#### Recorded information ####

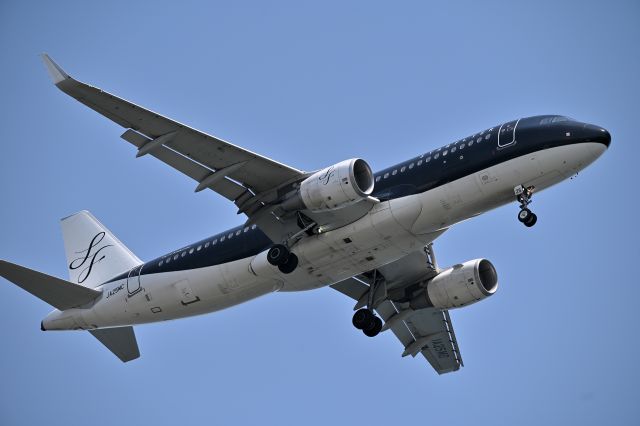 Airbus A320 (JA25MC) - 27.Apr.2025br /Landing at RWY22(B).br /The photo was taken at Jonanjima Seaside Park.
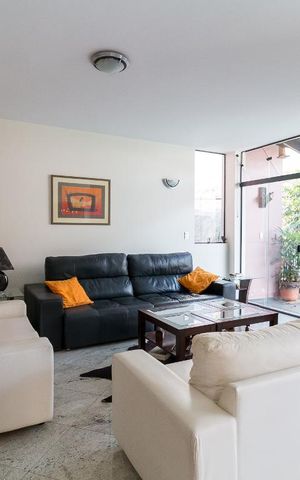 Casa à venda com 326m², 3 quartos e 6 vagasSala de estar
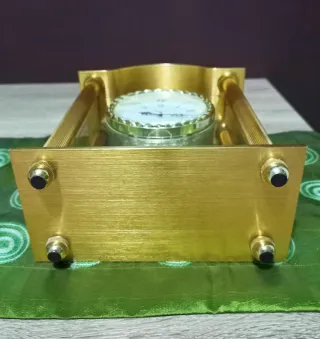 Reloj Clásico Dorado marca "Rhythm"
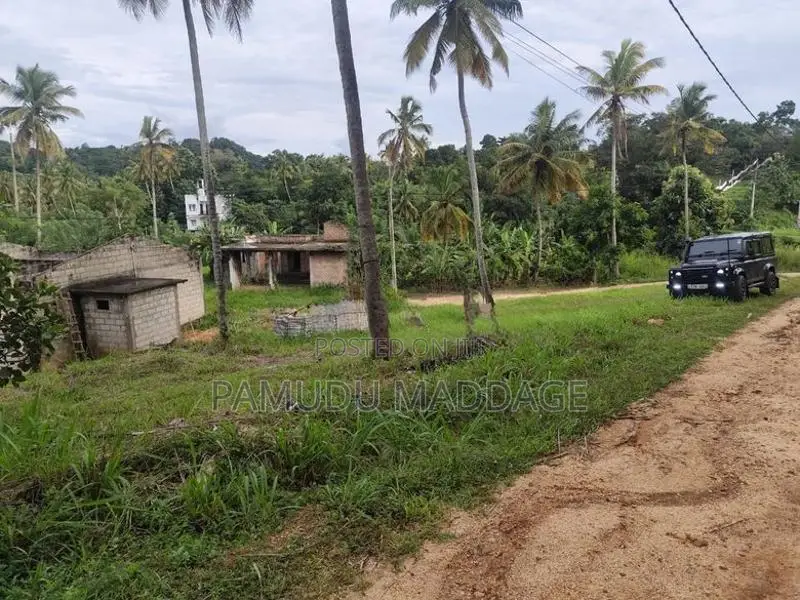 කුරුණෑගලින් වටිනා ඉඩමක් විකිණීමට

####

Prompt =
Please retype the data exactly as it appears, but without any of its pictures.

Output below =
 Airbus A320 (JA25MC) - 27.Apr.2025br /Landing at RWY22(B).br /The photo was taken at Jonanjima Seaside Park.
 Casa à venda com 326m², 3 quartos e 6 vagasSala de estar
 Reloj Clásico Dorado marca "Rhythm"
 කුරුණෑගලින් වටිනා ඉඩමක් විකිණීමට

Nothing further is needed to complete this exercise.